- Ja mam z tą sprawa pewien kłopot. Ani razu nie przeczytałem fragmentu twórczości pana Frycza, nie oglądałem jego portalu. Nie widziałem tego pana na oczy i specjalnie o tym nie marzę - w ten sposób Bronisław Komorwski skomentował w Gazecie Wyborczej, wyrok dla Roberta Frycza - twórcy strony antykomor.pl.



Autor strony Antykomor.pl został skazany w pierwszej instancji za obrazę prezydenta oraz fałszowanie dokumentów na 40 godzin prac społecznych miesięcznie przez rok i trzy miesiące

Prezydent po raz kolejny podkreślił, że: - Sprawa nie jest efektem inicjatywy mojej lub Kancelarii Prezydenta. Nie mnie oceniać, czy sąd wymierzył karę adekwatną. Pamiętam, że w młodości brałem udział w pracach społecznych, które też nie były dobrowolne, i nie wspominam tego ani miło, ani jako wielkiej represji. Ale teraz jest to wyrok sądu.

Jednocześnie w "Rzeczpospolitej" ukazał się wywiad z Robertem Fryczem, który zapowiada odwołanie od wyroku. - Jak się nie uda w Polsce, to wygramy w Strasburgu - mówi.

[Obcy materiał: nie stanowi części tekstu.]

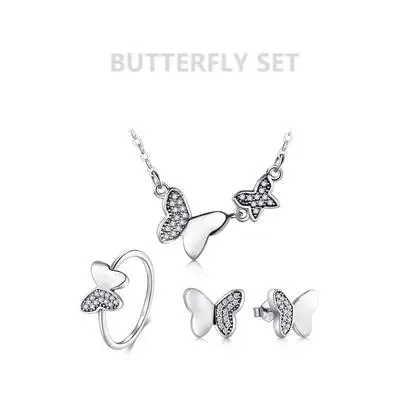 Butterfly ring earring and necklace set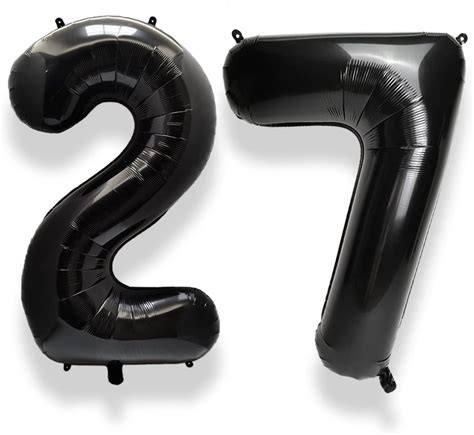 Amazon.com: AULE 40 Inch Large 27 Number Balloons Black, Big Foil ...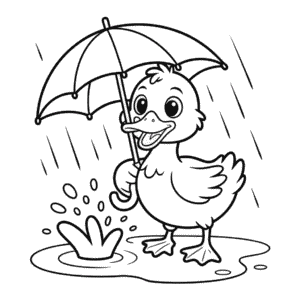 Dibujo de Pato con Paraguas para Colorear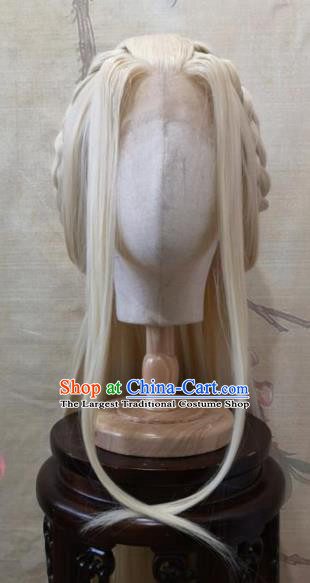 Chinese Traditional Cosplay Fairy Golden Wigs Ancient Female Swordsman Wig Sheath Hair Accessories for Women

Mężczyzna zadeklarował, że nie będzie prosił prezydenta o prawo łaski. - Nie, dziękuję. Prezydent miał czas, mógł jakoś zareagować, wypowiedzieć się, skomentować całą tę sprawę, ale tego nie zrobił. To i ja nie chcę, by teraz na niej coś ugrywał, pokazywał, jaki jest wielkoduszny - mówi.

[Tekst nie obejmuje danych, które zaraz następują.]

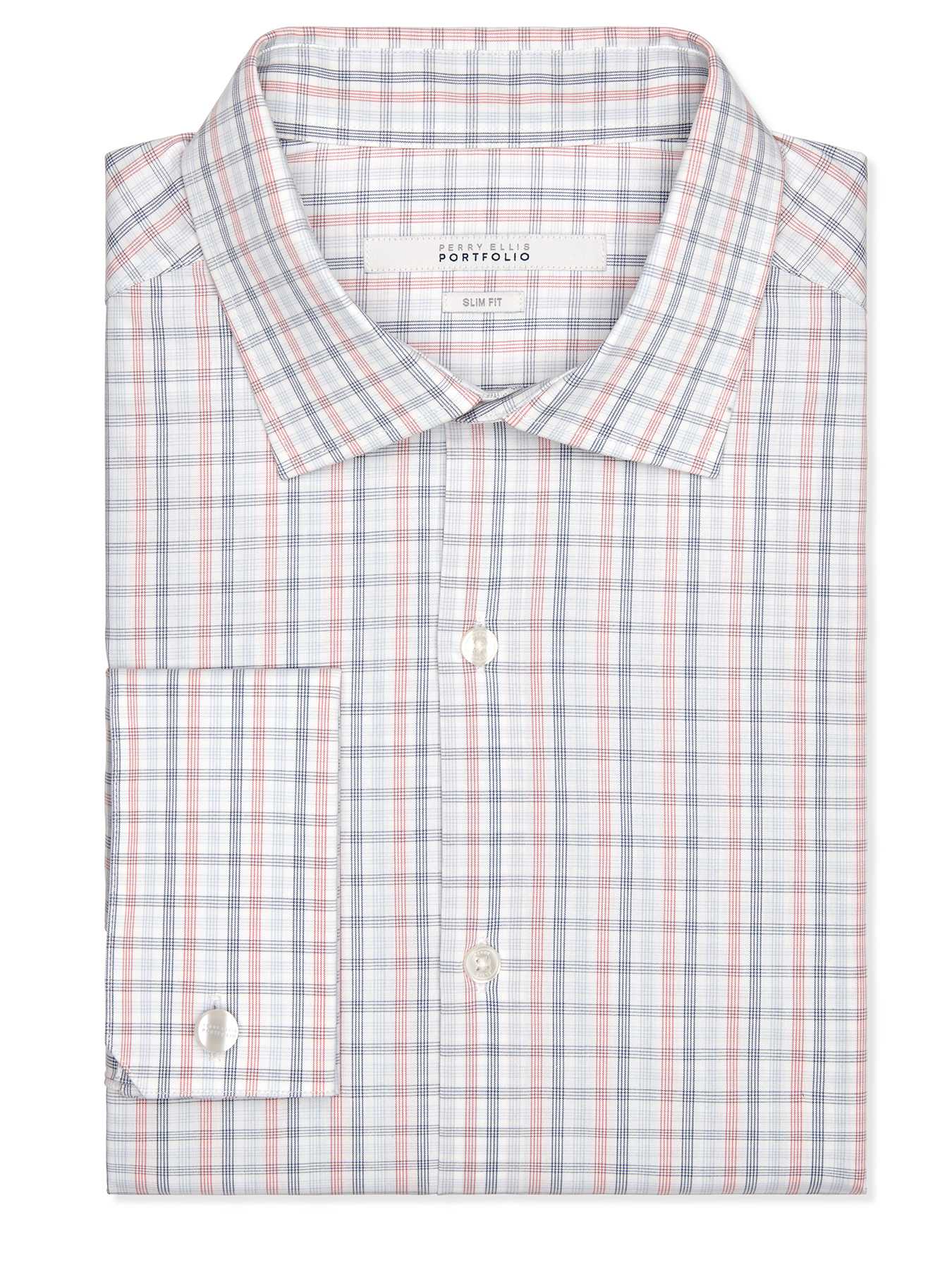 Perry Ellis Slim Fit Stripe Check Dress Shirt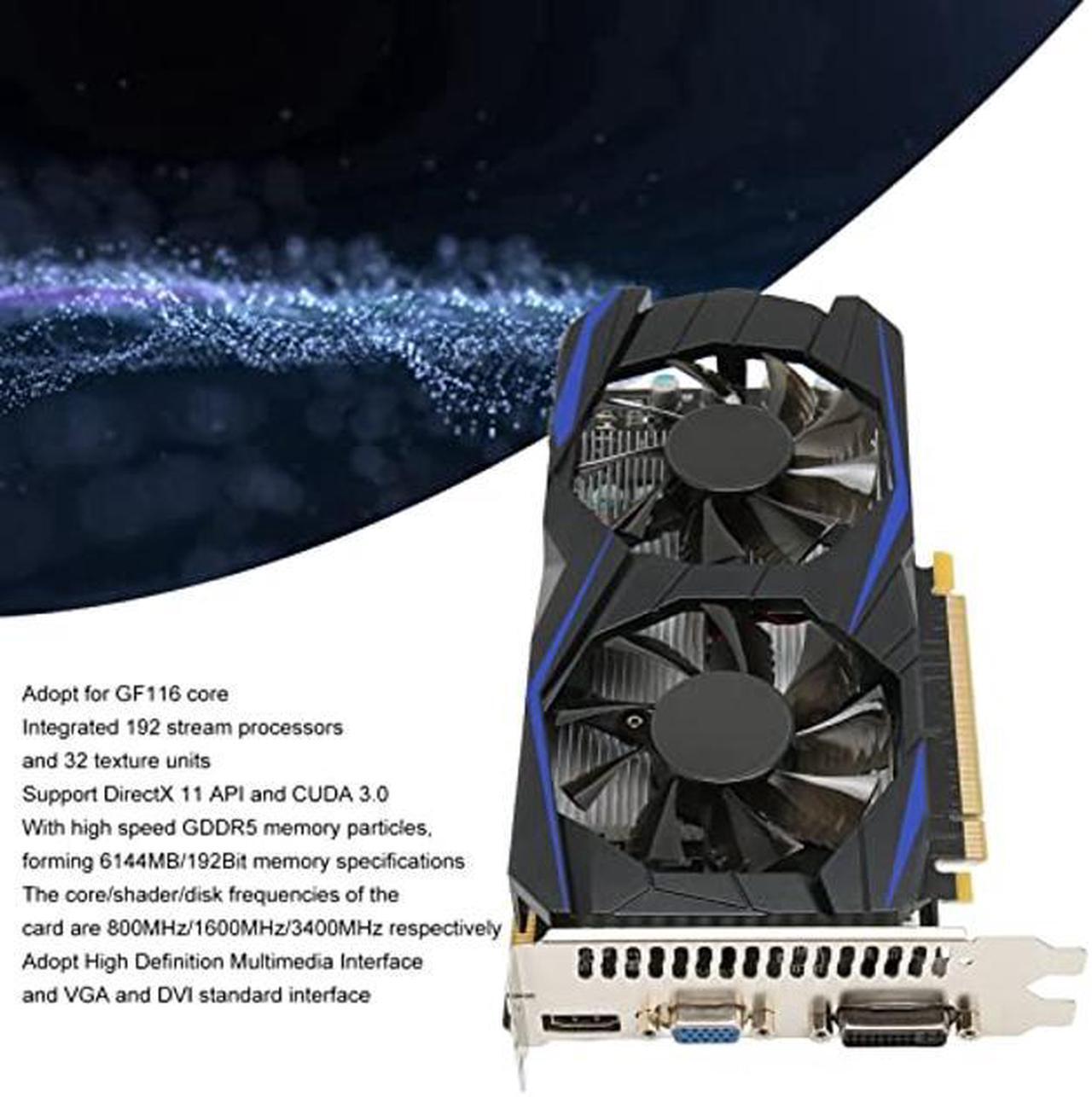 Alt view image 2 of 5 - GTX 550Ti 6GB Gaming Graphics Card,192BIT GDDR5 PC Video Card with Dual Fans,HDMI VGA DVI Interface for Desktop Computer Gaming GPU (GTX550Ti 6GB)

Komorowski odniósł się także do tej sprawy: - Jak dotąd stosowałem zasadę, że ułaskawiam tylko na wniosek zainteresowanego oraz po wydaniu opinii przez sąd i prokuraturę. Autor serwisu Antykomor.pl zapowiedział publicznie, że będzie się odwoływał od wyroku, więc na razie jest zdecydowanie zbyt wcześnie, by mówić o kwestii ewentualnego ułaskawienia - powiedział Gazecie Wyborczej.